Today I walked into my girls room and saw her playing with a toy she hasn't ever really played with before. You know one of those toys you put away high up on a shelf because it is such a nice toy. You look at it, but don't ever play with it because it would be a shame to mess it up. It just so happened to be a special Raggedy Ann given to her for Christmas by my friend Cathy. I am not sure how she got it down and I guess I will never know, but I think a little angel with a soft voice might have wanted her to play with it instead of just sitting on a shelf all alone.  It made me smile and I needed a smile today.

It is funny how you don't realize how much someone was intertwined in your life until they are gone. Everywhere I look just at home I can see and feel my friend. From the stuffed dolphin she brought back from the Bahamas for my girl to the Minnie Mouse bowl she eats her cereal out of every day. It makes me feel so loved knowing my friend loved my girl so much. I am not going to lie I may have napped with a soft blue dolphin yesterday.

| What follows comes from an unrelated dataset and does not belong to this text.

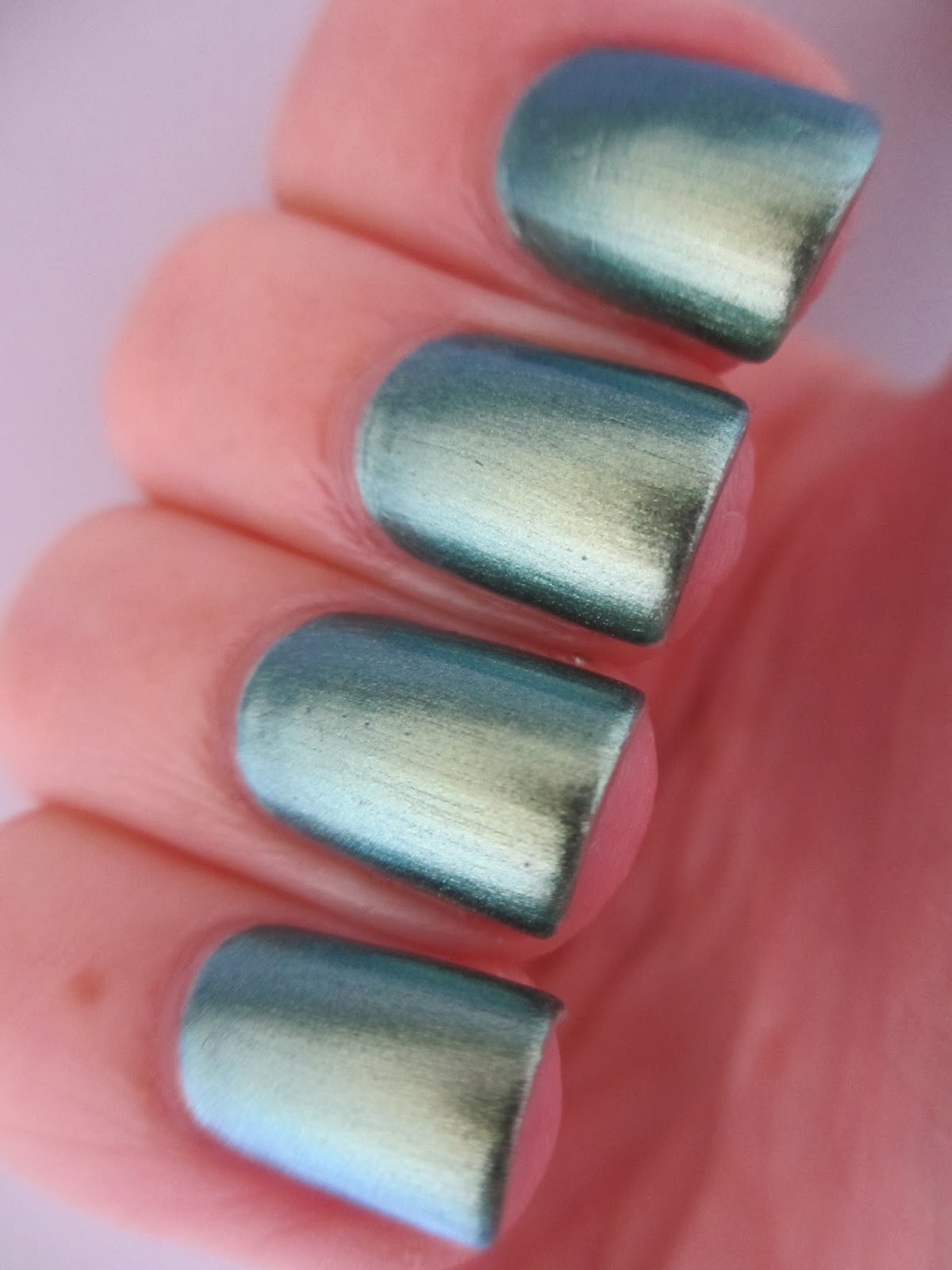 Claire's-Dollar-blue-green-duochrome-swatch-nail-polish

I wandered down to our classroom Thursday night during church and I almost fell over when I walked in and saw your sweater still hanging on your chair. It made me realize how strong I am going to have to be for our babies when we return to school and how much I need those little people to keep me going. I guess I really have to organize my cabinets now since that was one of the last things you  asked me to do.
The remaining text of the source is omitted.